TASK STATEMENT: Only one stretch of the data below is wanted: the lines starting at the one with "Högkvalitativ Damscarf i" and ending at the one with "Обои фьорд, гора, ледяная", both included, given again exactly.
-- RECORD SET follows --
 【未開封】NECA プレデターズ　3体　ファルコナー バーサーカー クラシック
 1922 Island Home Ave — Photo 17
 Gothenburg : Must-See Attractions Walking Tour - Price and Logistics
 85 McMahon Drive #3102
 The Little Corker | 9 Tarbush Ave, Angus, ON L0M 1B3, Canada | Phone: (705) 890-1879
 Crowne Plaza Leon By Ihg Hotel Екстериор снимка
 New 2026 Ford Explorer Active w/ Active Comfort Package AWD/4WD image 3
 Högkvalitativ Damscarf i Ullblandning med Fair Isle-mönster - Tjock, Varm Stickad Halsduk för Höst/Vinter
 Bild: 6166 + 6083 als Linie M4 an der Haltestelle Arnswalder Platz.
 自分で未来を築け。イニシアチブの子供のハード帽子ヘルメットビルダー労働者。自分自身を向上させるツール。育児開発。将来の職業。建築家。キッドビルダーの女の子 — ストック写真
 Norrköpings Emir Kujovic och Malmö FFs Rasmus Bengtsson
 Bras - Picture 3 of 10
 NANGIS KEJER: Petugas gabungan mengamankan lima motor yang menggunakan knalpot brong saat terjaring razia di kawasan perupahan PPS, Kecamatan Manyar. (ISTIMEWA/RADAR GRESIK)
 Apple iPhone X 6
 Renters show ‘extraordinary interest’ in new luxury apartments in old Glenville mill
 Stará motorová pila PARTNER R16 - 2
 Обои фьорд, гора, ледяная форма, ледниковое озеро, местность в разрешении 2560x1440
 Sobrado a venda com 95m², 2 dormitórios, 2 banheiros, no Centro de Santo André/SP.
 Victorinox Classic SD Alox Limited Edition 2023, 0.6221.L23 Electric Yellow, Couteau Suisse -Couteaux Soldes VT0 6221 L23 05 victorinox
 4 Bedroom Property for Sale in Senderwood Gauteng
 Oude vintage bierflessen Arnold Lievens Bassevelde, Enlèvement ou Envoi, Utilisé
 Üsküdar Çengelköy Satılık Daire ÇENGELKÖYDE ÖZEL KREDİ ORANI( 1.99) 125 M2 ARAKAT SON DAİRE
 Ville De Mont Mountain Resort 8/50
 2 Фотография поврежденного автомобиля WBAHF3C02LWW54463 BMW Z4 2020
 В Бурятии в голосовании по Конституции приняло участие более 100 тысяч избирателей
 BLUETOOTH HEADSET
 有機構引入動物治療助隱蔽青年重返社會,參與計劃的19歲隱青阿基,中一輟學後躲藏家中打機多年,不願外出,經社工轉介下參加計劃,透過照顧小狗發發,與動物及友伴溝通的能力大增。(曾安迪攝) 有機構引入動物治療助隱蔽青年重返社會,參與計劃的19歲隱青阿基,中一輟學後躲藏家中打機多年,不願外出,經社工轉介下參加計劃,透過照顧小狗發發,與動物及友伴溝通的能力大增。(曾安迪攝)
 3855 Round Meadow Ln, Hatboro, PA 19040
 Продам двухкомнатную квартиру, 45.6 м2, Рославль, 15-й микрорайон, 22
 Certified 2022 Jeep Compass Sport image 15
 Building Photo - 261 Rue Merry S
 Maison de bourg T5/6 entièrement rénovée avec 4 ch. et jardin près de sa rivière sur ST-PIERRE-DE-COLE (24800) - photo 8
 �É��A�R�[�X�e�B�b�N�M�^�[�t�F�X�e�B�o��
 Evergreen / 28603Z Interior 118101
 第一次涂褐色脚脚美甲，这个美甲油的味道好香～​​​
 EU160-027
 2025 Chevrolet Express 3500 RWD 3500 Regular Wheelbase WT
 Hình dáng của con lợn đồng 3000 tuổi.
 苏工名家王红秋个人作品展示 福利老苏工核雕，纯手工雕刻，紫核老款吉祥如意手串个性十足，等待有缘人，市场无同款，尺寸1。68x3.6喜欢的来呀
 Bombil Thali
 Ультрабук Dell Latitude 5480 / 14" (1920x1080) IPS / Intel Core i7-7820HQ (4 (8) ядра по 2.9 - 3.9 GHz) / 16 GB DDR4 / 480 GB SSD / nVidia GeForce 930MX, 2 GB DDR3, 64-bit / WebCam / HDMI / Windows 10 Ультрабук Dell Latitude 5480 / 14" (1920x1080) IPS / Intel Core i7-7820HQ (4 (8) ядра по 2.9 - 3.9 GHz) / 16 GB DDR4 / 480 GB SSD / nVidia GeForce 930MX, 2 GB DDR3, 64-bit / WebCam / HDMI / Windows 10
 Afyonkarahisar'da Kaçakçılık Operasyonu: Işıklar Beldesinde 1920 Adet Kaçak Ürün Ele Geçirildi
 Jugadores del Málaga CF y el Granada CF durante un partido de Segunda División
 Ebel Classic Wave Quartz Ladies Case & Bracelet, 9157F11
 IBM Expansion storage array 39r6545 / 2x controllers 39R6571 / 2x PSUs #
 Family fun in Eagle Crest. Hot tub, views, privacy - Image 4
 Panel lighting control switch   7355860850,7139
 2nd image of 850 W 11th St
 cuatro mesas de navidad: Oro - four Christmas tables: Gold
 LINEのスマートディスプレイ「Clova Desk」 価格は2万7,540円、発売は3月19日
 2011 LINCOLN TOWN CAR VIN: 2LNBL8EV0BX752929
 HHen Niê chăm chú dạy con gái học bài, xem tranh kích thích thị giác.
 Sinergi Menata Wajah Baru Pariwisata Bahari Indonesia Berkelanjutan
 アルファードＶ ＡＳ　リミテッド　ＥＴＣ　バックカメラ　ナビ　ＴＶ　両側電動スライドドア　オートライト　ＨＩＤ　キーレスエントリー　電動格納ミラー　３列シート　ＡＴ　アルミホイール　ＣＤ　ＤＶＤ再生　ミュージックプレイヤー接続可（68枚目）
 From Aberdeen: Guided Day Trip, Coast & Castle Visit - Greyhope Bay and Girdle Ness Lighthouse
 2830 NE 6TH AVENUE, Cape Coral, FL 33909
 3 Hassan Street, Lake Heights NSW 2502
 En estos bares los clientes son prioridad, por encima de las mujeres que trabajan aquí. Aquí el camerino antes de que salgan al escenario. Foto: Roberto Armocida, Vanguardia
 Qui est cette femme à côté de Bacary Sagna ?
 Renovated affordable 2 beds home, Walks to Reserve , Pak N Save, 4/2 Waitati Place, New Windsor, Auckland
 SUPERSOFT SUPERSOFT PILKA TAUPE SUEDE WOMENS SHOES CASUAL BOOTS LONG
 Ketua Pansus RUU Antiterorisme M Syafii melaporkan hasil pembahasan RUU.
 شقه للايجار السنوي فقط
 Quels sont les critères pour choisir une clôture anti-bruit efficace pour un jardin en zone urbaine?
-- RECORD SET concluded --
REPLY TO THE TASK:
 Högkvalitativ Damscarf i Ullblandning med Fair Isle-mönster - Tjock, Varm Stickad Halsduk för Höst/Vinter
 Bild: 6166 + 6083 als Linie M4 an der Haltestelle Arnswalder Platz.
 自分で未来を築け。イニシアチブの子供のハード帽子ヘルメットビルダー労働者。自分自身を向上させるツール。育児開発。将来の職業。建築家。キッドビルダーの女の子 — ストック写真
 Norrköpings Emir Kujovic och Malmö FFs Rasmus Bengtsson
 Bras - Picture 3 of 10
 NANGIS KEJER: Petugas gabungan mengamankan lima motor yang menggunakan knalpot brong saat terjaring razia di kawasan perupahan PPS, Kecamatan Manyar. (ISTIMEWA/RADAR GRESIK)
 Apple iPhone X 6
 Renters show ‘extraordinary interest’ in new luxury apartments in old Glenville mill
 Stará motorová pila PARTNER R16 - 2
 Обои фьорд, гора, ледяная форма, ледниковое озеро, местность в разрешении 2560x1440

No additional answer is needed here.